Start of Recorded data

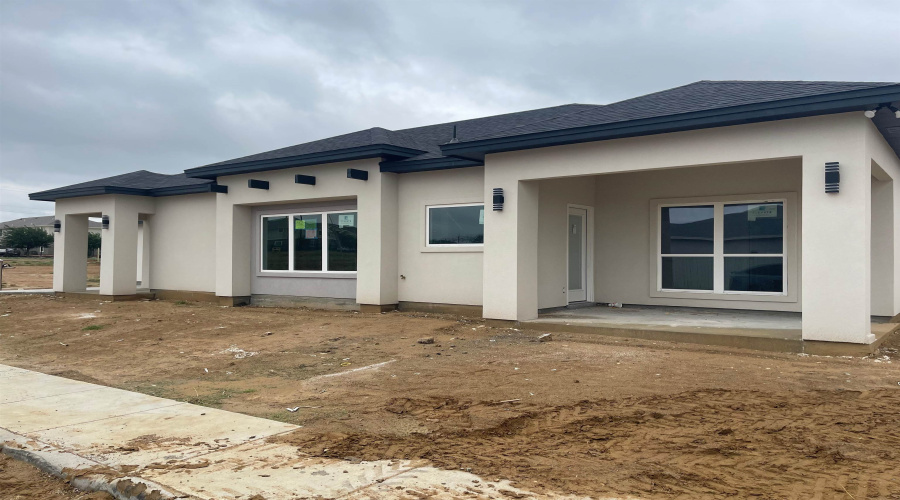 201 Lusitano Dr., Laredo, Texas 78046, 3 Bedrooms Bedrooms, 4 Rooms Rooms,2 BathroomsBathrooms,Residential,For Sale,201 Lusitano Dr.,20262174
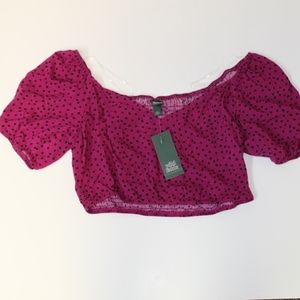 *NWT* Puff Sleeve, Ruffle back, Crop Top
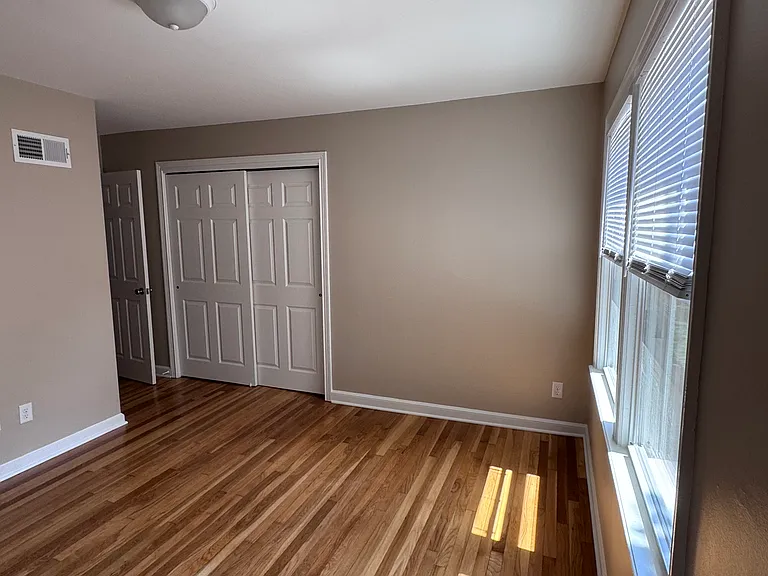 238 N Bleckley Dr — Photo 9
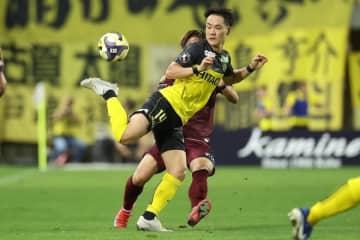 柏、“同勝点”の上位直接対決はスコアレスドロー。フィニッシュの精度を欠き、神戸に勝ちきれず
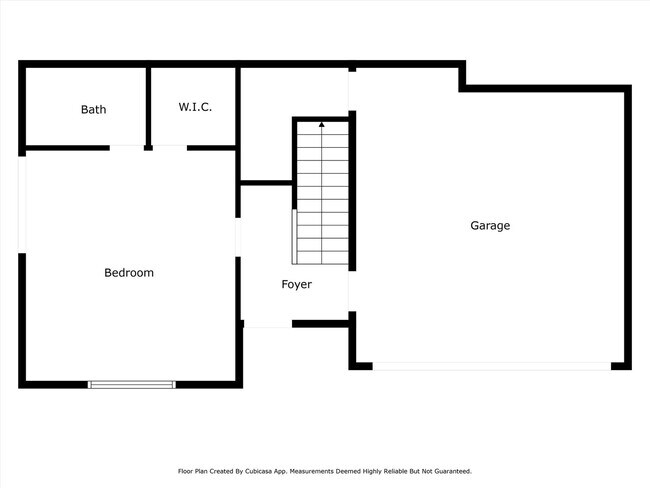 Building Photo - Stunning Freestanding Home with Soaring Ce...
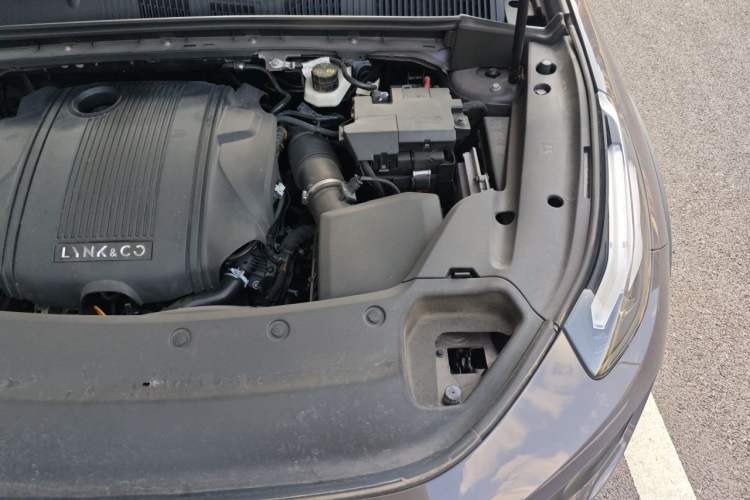 Used Lynk & Co 02 2022 1.5T DCT Shine Pro Engine Bay Left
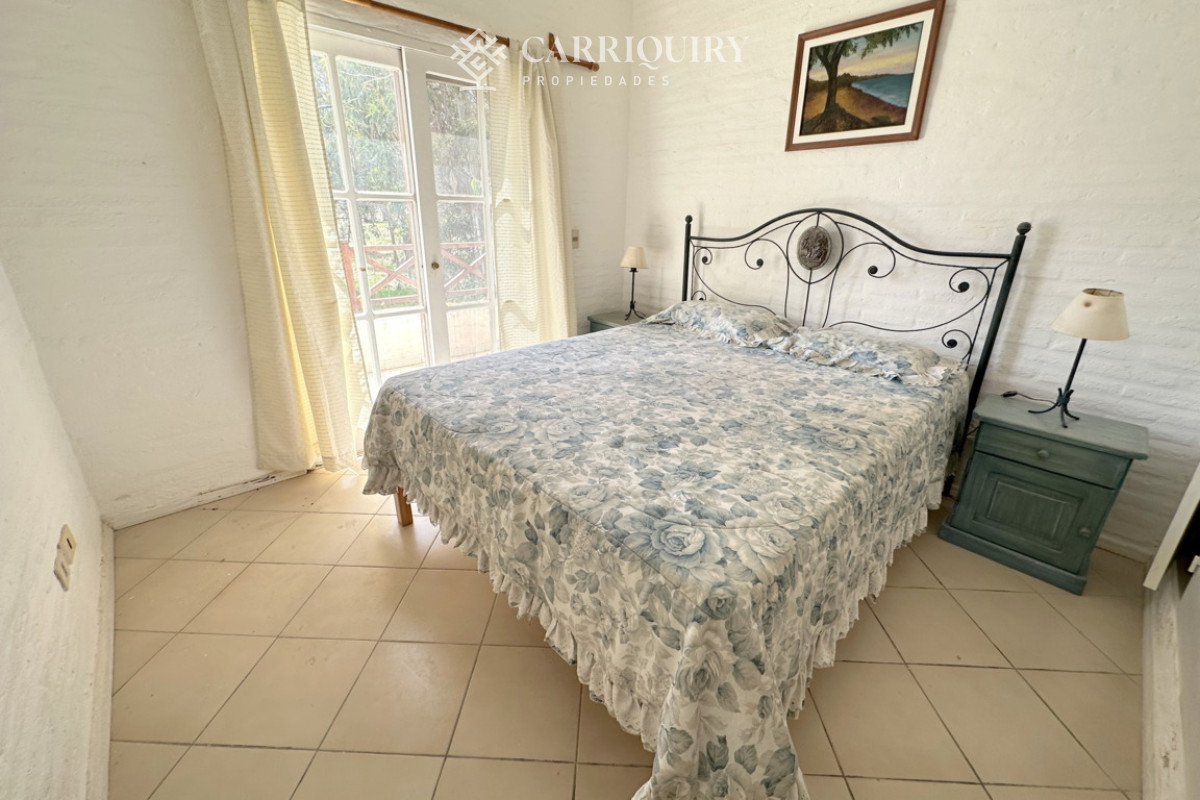 Casa ID.8425/Alquiler-Casa-3-dormitorios-mas-dependencia-San-Rafael-(Punta-del-Este) - Alquiler de temporada en hermosa casa con piscina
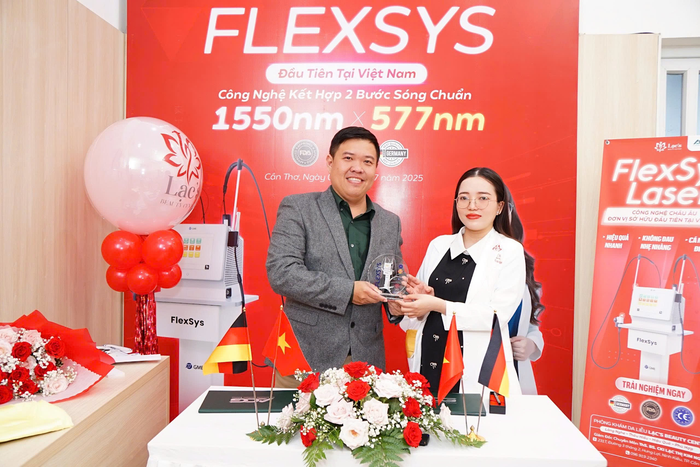 Những chứng nhận và cúp vinh danh công nghệ FlexSys trân quý được trao đến Lạc’s Beauty Center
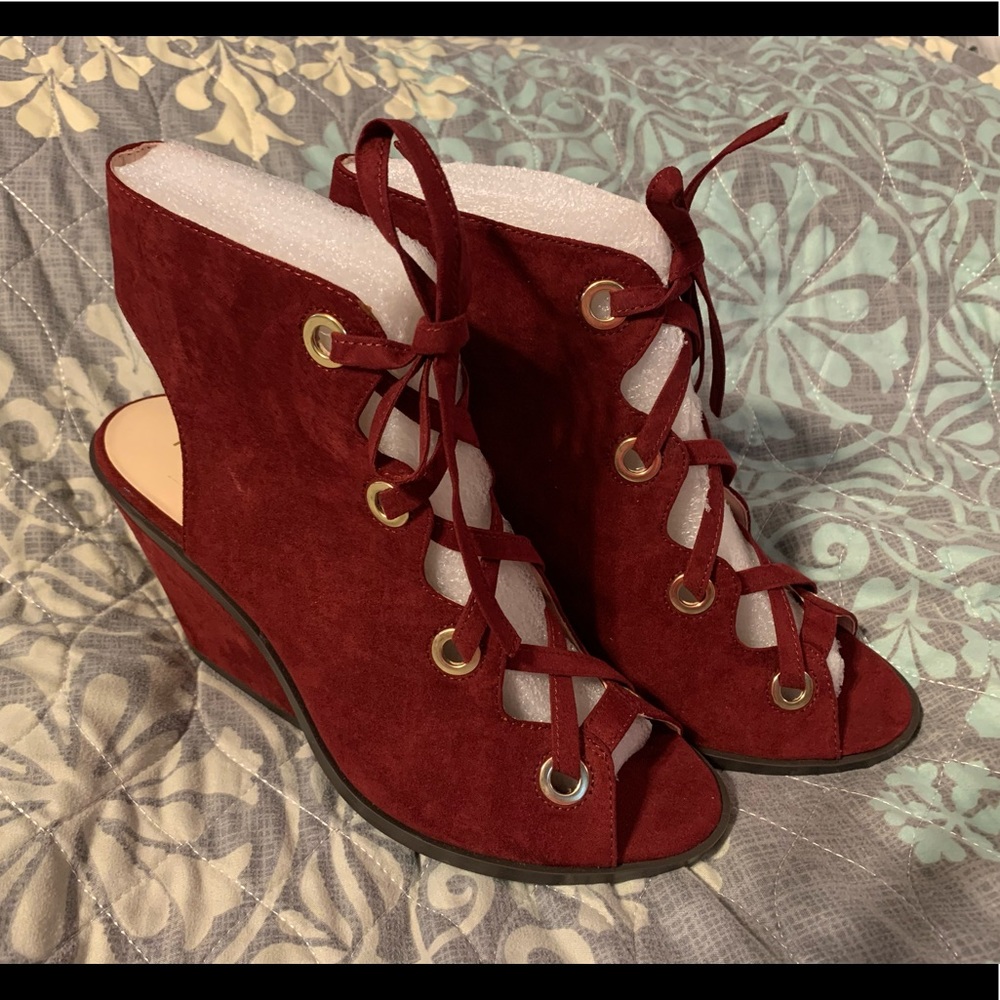Nine West Women’s Wedges Size 8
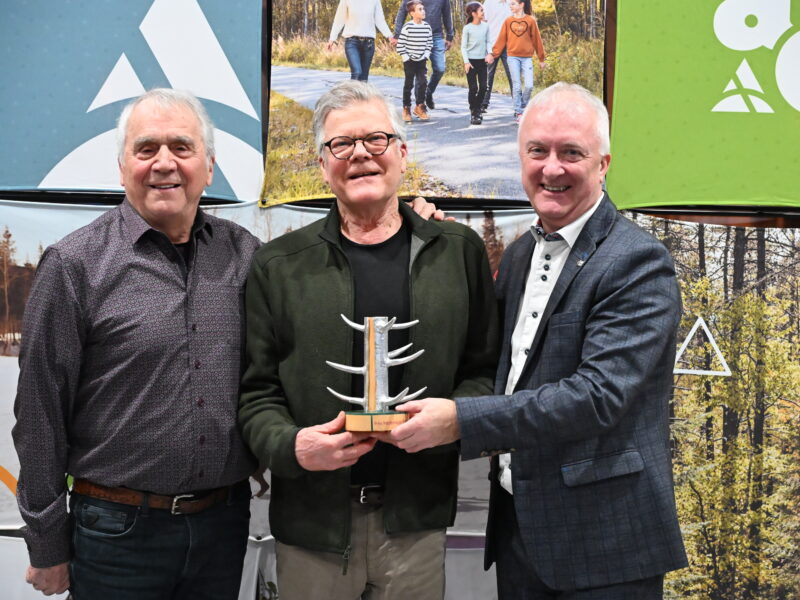 Brian Harvey reçoit le prix Hommage François-Gendron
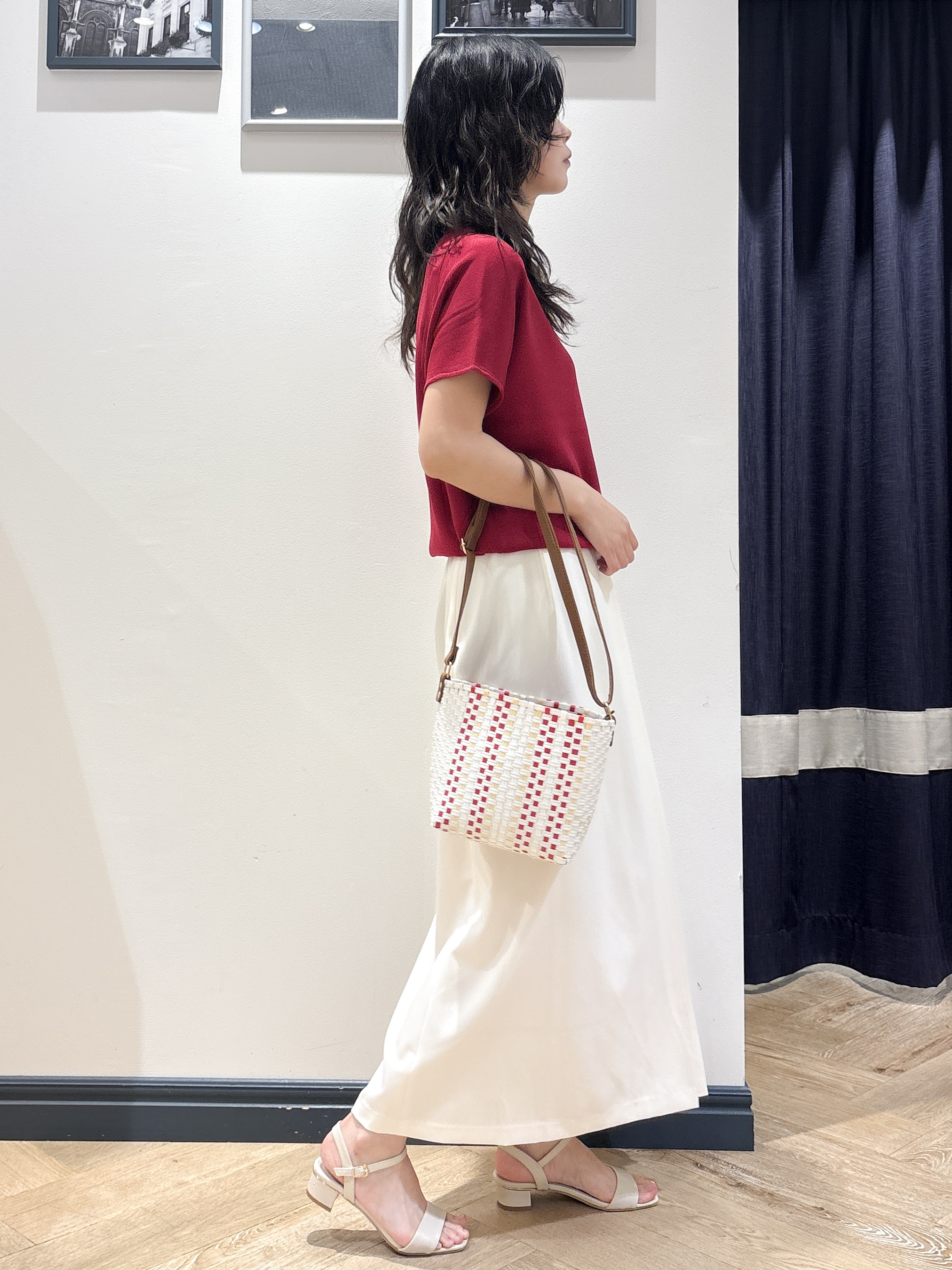 ayakaさんの「grove｜【シリーズ累計36万枚！名品ニット】やわらかドライタッチ ドルマンニット」を使ったコーディネート
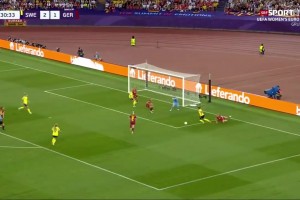 想學(xué)蘇牙名場面但…！女足歐洲杯球員用手擋出必進球被直紅罰下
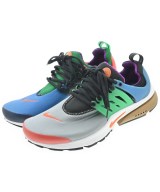 NIKE スニーカー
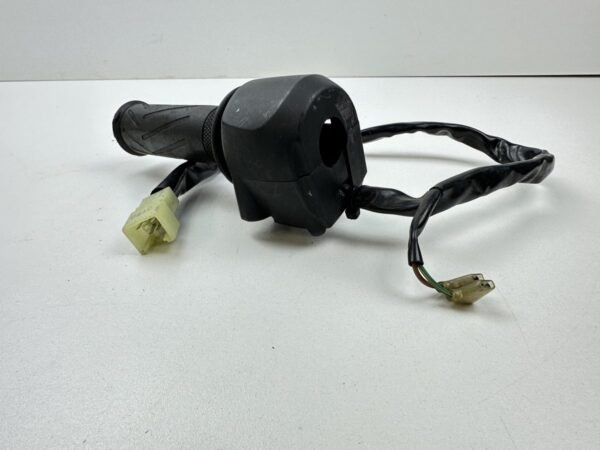 COMMODO DROIT AVEC BARILLET DE GAZ YAMAHA X-MAX 125 2010-2014 – Image 4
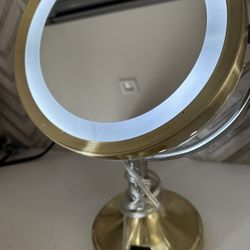 Magnifying LED Mirror With  USB Port, Makeup Mirror, Vanity Mirror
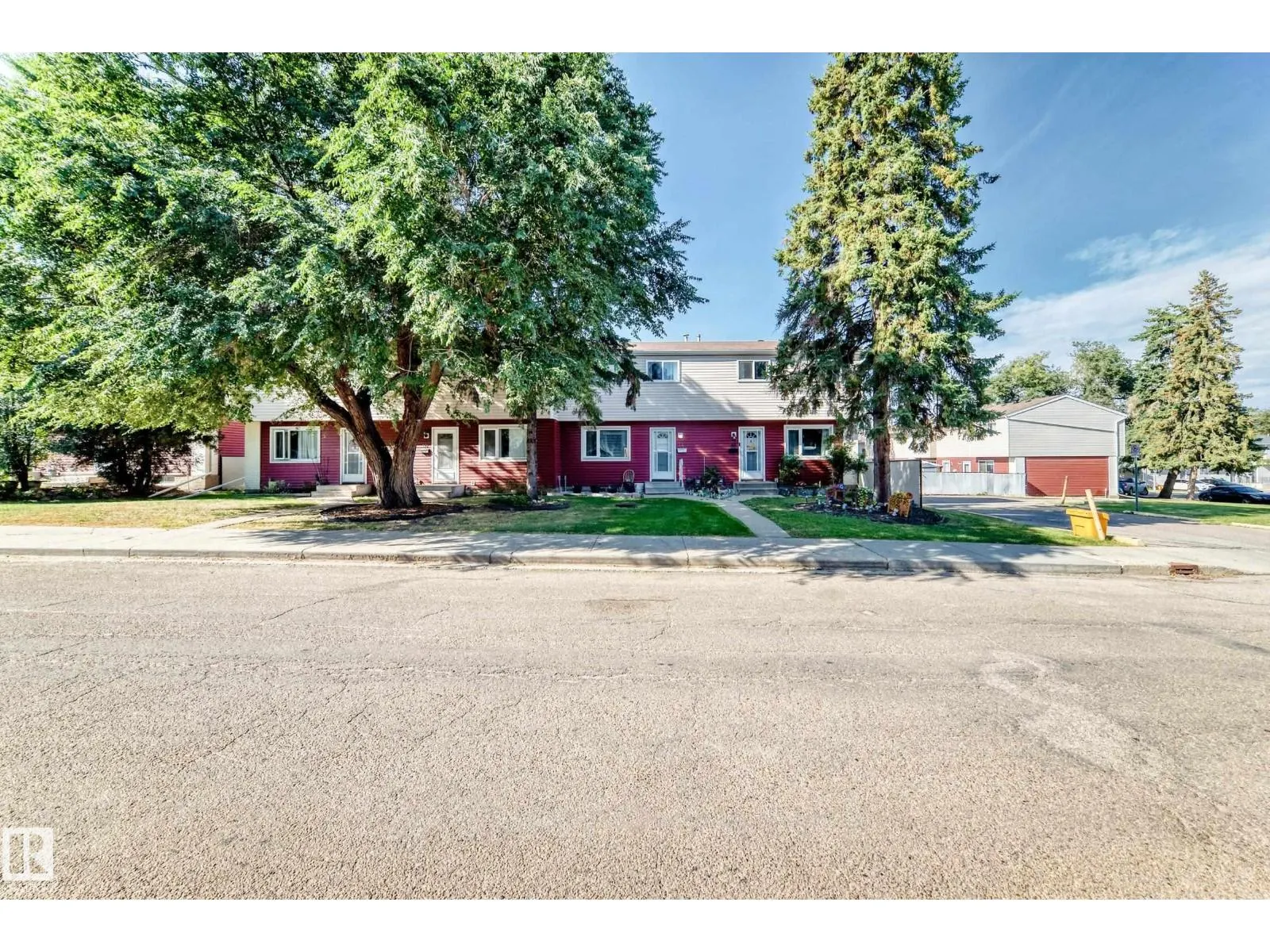 44 HABITAT CR NW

End of Recorded data

Work instructions — A word-for-word copy is needed of the lines from the line with "Nine West Women’s Wedges Size 8" through the last line of the entries above, with both ends kept and the pictures dropped.

Output for this exercise —
Nine West Women’s Wedges Size 8
 Brian Harvey reçoit le prix Hommage François-Gendron
 ayakaさんの「grove｜【シリーズ累計36万枚！名品ニット】やわらかドライタッチ ドルマンニット」を使ったコーディネート
 想學(xué)蘇牙名場面但…！女足歐洲杯球員用手擋出必進球被直紅罰下
 NIKE スニーカー
 COMMODO DROIT AVEC BARILLET DE GAZ YAMAHA X-MAX 125 2010-2014 – Image 4
 Magnifying LED Mirror With  USB Port, Makeup Mirror, Vanity Mirror
 44 HABITAT CR NW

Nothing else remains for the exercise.